> WHAT YOU HAVE TO DO
In the data below, find the line containing "St. Patrick's Day"; transcribe it and each line after it exactly, through the last, skipping pictures.

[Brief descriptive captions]

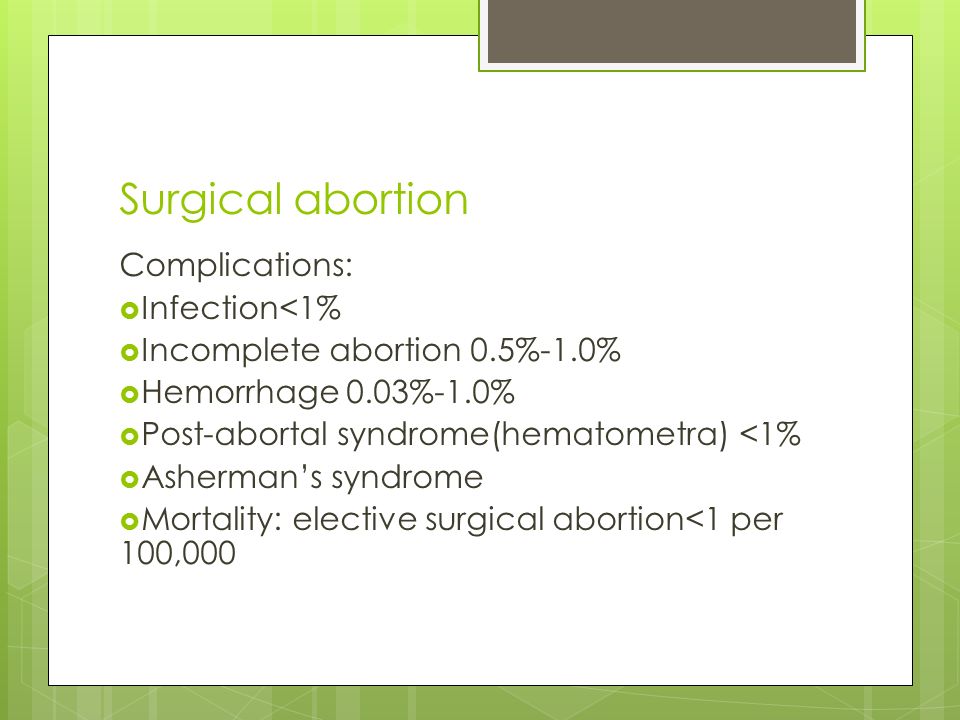 Surgical abortion Complications:  Infection<1%  Incomplete abortion 0.5%-1.0%  Hemorrhage 0.03%-1.0%  Post-abortal syndrome(hematometra) <1%  Asherman’s syndrome  Mortality: elective surgical abortion<1 per 100,000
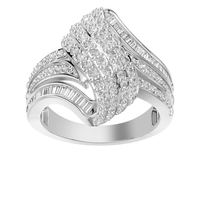 Swirl Dress Ring with 1.00tw of Laboratory-Grown Diamonds in Sterling Silver with Platinum Finish Rings Bevilles 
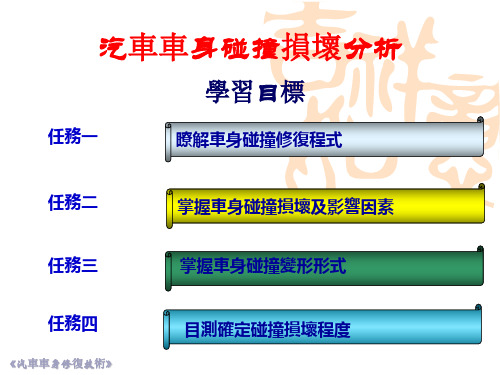 (新版)汽车车身钣金修复技术课件：汽车车身碰撞损坏分析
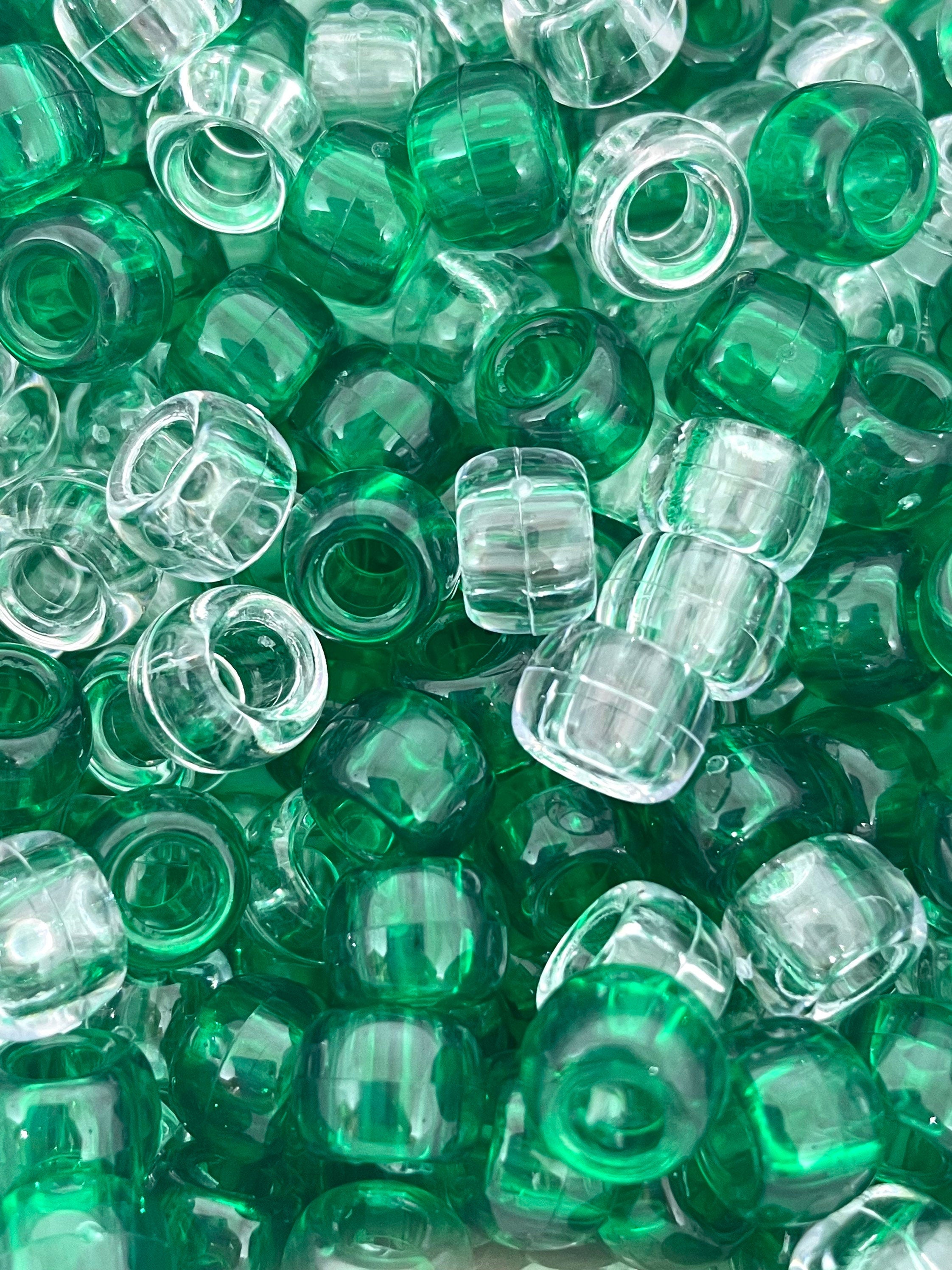 St. Patrick's Day Barrel Beads for Kandi, Clear Green Beads for Bracelet, St Patricks Day Beads for Jewelry Making, Green Pony Beads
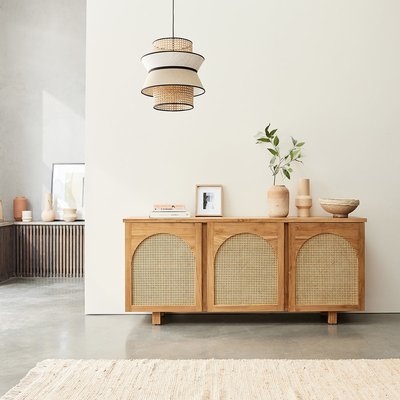 Buffet en bois de teck et cannage 183 cm  LOÉ BERAH GETAH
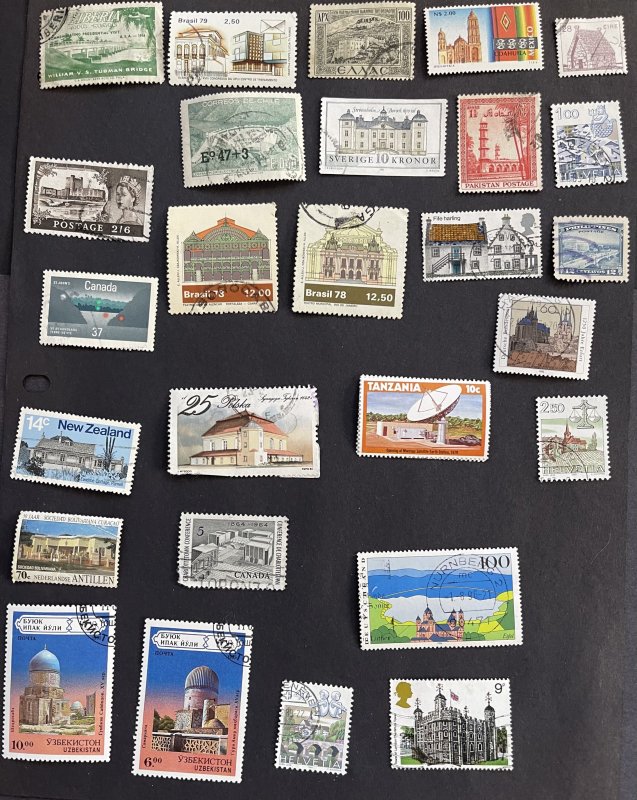 Worldwide Mixture of Building Topicals  1 SS & 51  stamps  FREE SHIPPING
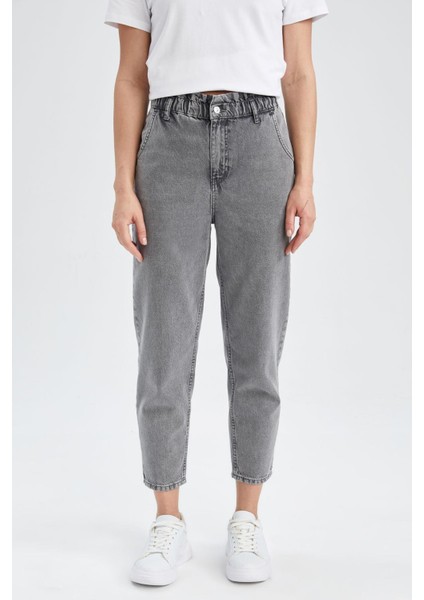 Paperbag Fit Yüksek Bel Jean %100 Pamuk Pantolon Y9493AZ23SP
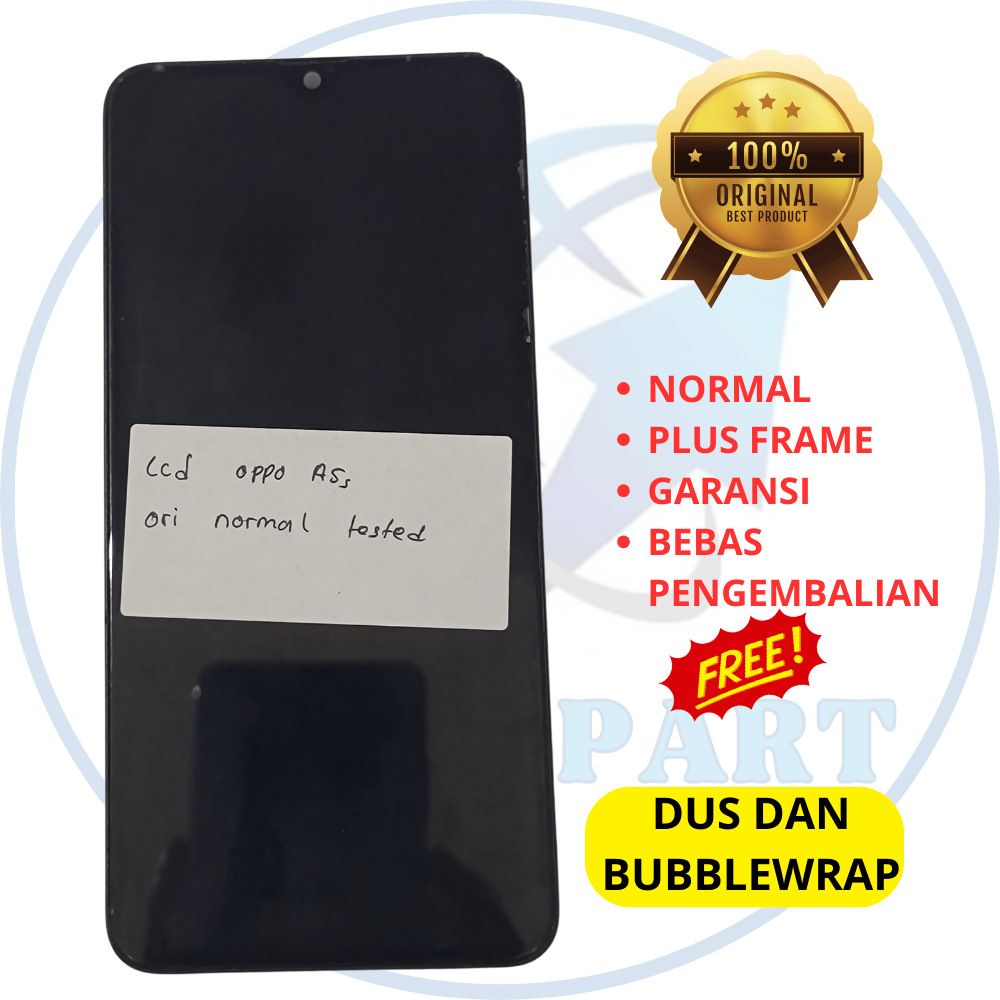 lcd hp oppo a5s ori copotan - lcd fullset plus frame - original cabutan bawaan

> ANSWER TO THIS EXERCISE
 St. Patrick's Day Barrel Beads for Kandi, Clear Green Beads for Bracelet, St Patricks Day Beads for Jewelry Making, Green Pony Beads
 Buffet en bois de teck et cannage 183 cm  LOÉ BERAH GETAH
 Worldwide Mixture of Building Topicals  1 SS & 51  stamps  FREE SHIPPING
 Paperbag Fit Yüksek Bel Jean %100 Pamuk Pantolon Y9493AZ23SP
 lcd hp oppo a5s ori copotan - lcd fullset plus frame - original cabutan bawaan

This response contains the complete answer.